=== Section Start ===

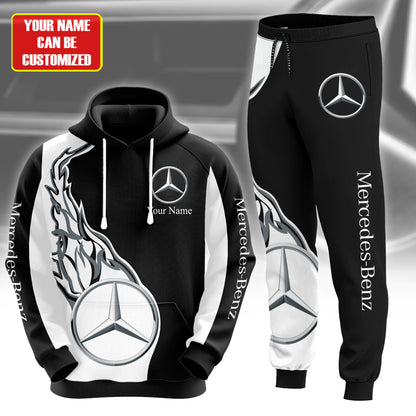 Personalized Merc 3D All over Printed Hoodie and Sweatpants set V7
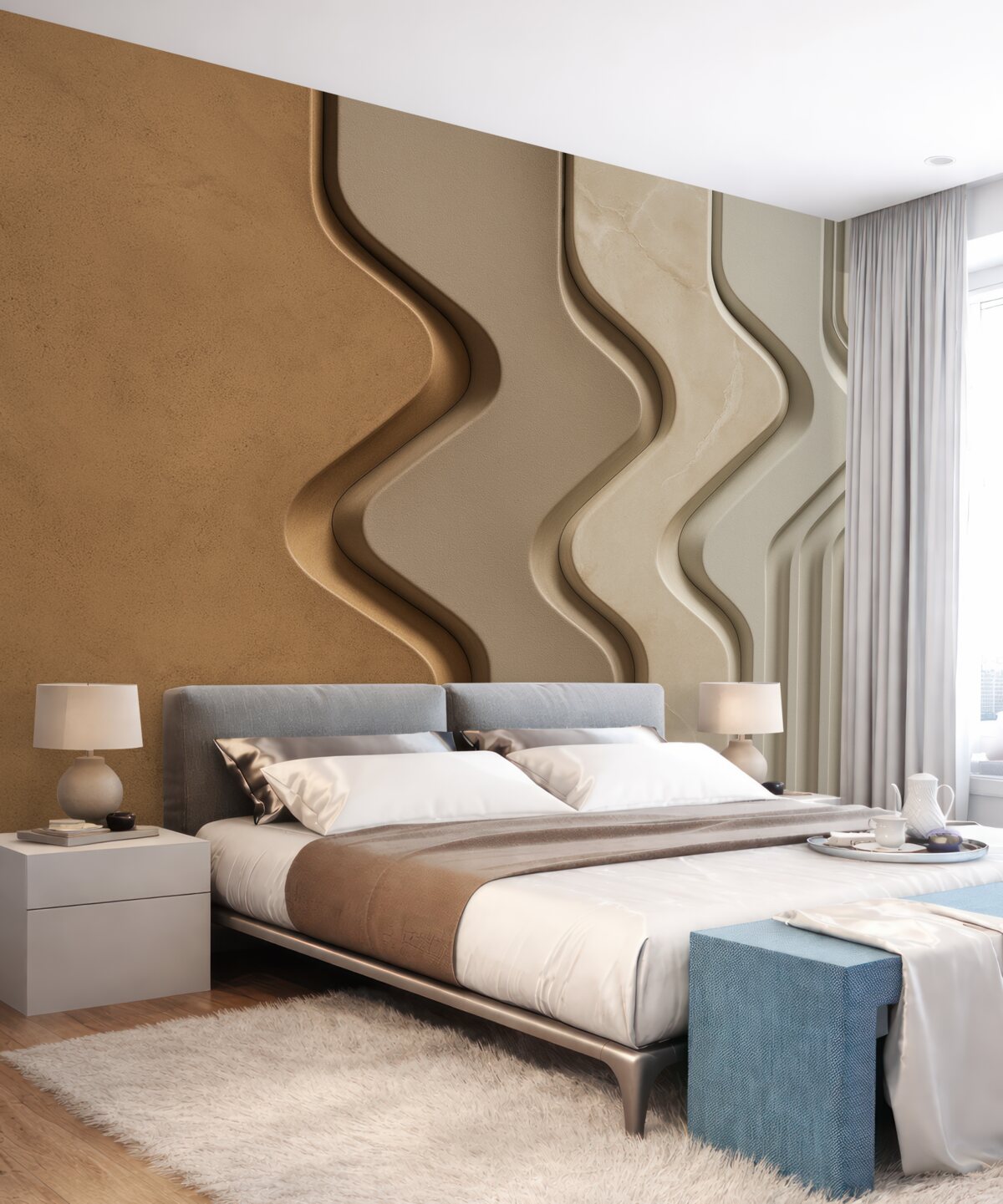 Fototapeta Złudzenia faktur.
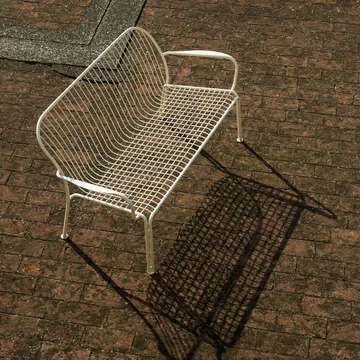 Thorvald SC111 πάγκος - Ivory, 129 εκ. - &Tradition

=== Section End ===

> **TASK TO CARRY OUT**: Reproduce the full listing verbatim so that only the pictures are missing.

> **ANSWER TO THIS PROBLEM**:
 Personalized Merc 3D All over Printed Hoodie and Sweatpants set V7
 Fototapeta Złudzenia faktur.
 Thorvald SC111 πάγκος - Ivory, 129 εκ. - &Tradition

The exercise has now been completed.